For each peptide, finds the allele with minimum distance and calculates its FDR independently across alleles using decoy distributions.

Parameters:

  • distances (ndarray) – Distance matrix between peptides and alleles. Shape: (n_peptides, n_alleles)

  • rnd_dist – Sorted decoy distance matrix (precomputed), one column per allele. Should be pre-sorted along axis 0. Shape: (n_decoys, n_alleles)

  • outlier_threshold – Fraction of top decoys to treat as true binders (ignored in FDR).

  • fmm_fdr – Whether to use FMM-based FDR instead of basic TDA.

Returns:

FDR value for the best allele of each peptide.

Shape: (n_peptides,)

Return type:

best_allele_fdrs

Example

>>> dists = np.random.rand(100, 6).astype(np.float32)
>>> decoy_dists = np.sort(np.random.rand(1000, 6), axis=0)
>>> fdrs = get_binding_fdr_for_best_allele(dists, decoy_dists)
fennomix_mhc.mhc_binding_retriever.get_fdrs(dists, rnd_dists, alpha, remove_rnd_top_rank=0.01)[source]

Calculate FDRs using the target-decoy approach.

This function computes False Discovery Rates (FDRs) for target distances by comparing them against decoy distances. It uses a simple counting method based on rank comparison.

Parameters:

  • dists (ndarray) – 1D array of target distances between peptide and MHC embeddings. Shape: (n_targets,)

  • rnd_dists (ndarray) – 1D array of decoy distances used for FDR estimation. Shape: (n_decoys,)

  • alpha (float) – Ratio of number of targets to decoys, i.e., len(dists) / len(rnd_dists).

  • remove_rnd_top_rank (float) – Fraction of lowest-ranked decoy values to exclude as “binders” when estimating FDR (default: 0.01).

Returns:

Array of FDR values corresponding to each entry in dists, unsorted.

Shape: (n_targets,)

Return type:

fdrs

Example

>>> targets = np.array([0.3, 0.5, 0.7])
>>> decoys = np.random.normal(1.0, 0.2, size=1000)
>>> fdrs = get_fdrs(targets, decoys, alpha=1.0)
fennomix_mhc.mhc_binding_retriever.get_q_values(fdrs, distances)[source]

Convert FDR estimates into q-values via monotonic minimization.

Q-values are computed by enforcing that they are non-decreasing with increasing distance, ensuring proper multiple testing correction.

Parameters:

  • fdrs (ndarray) – Input array of FDR values (not necessarily monotonic). Shape: (n_samples,)
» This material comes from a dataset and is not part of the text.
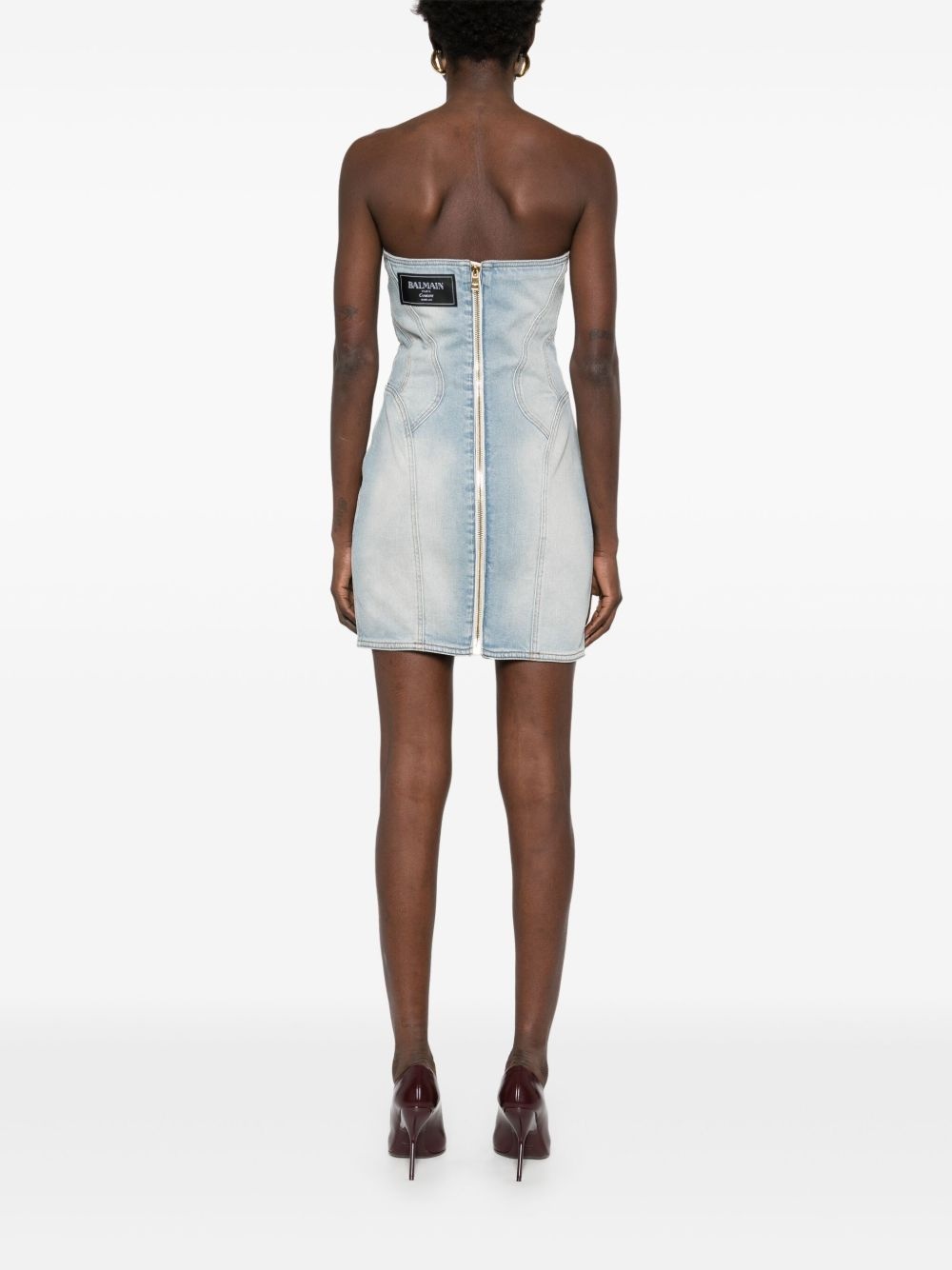 denim mini dress - 4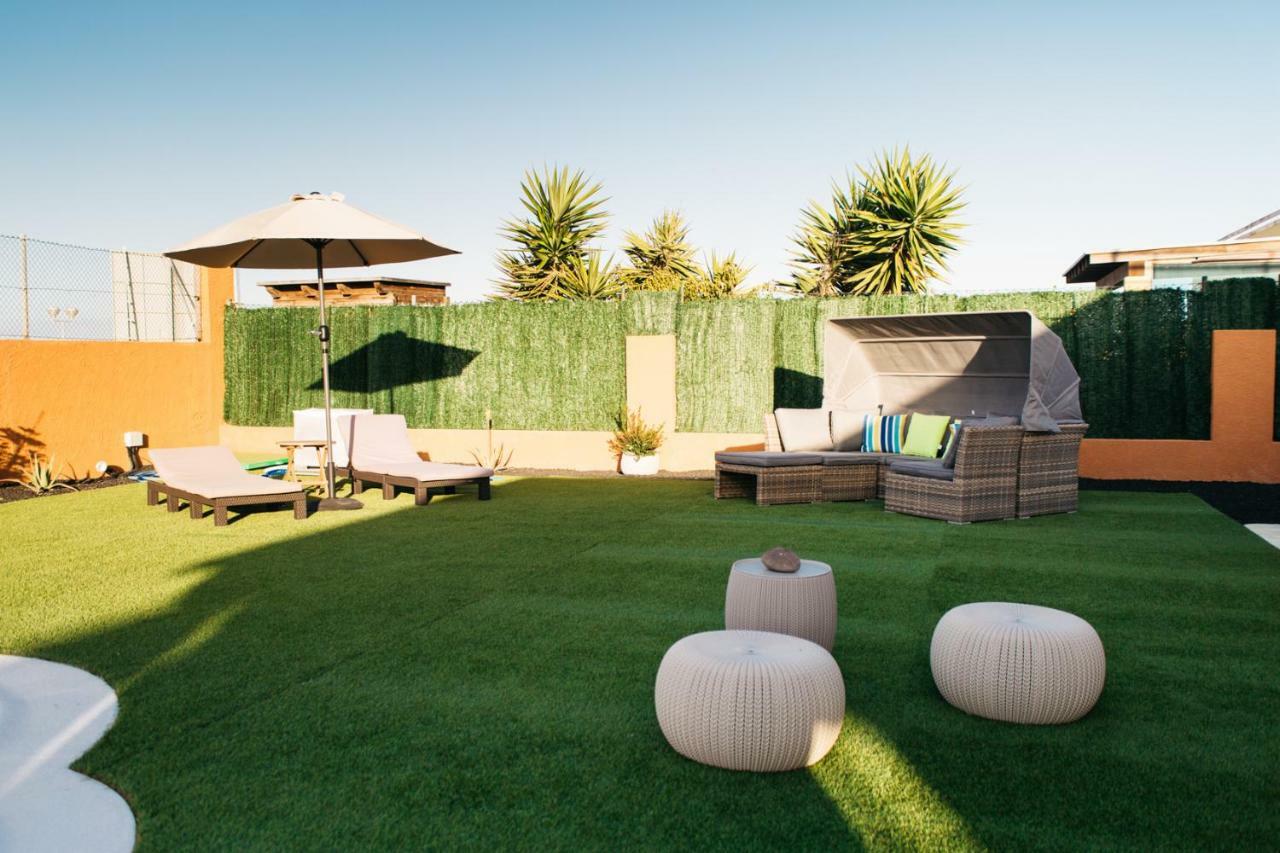 Eco Villa White Suite With Climatized Pool Caleta De Fuste Bagian luar foto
  • distances (ndarray) – Distance values used to sort peptides; larger distances mean weaker binding. Used to reverse-sort for q-value computation. Shape: (n_samples,)

Returns:

Monotonic q-values, same shape as input.

Values are adjusted so that q[i] <= q[j] for all j < i in ranking order. Shape: (n_samples,)

Return type:

qvals

Note

The algorithm traverses from highest to lowest distance, maintaining minimum seen FDR.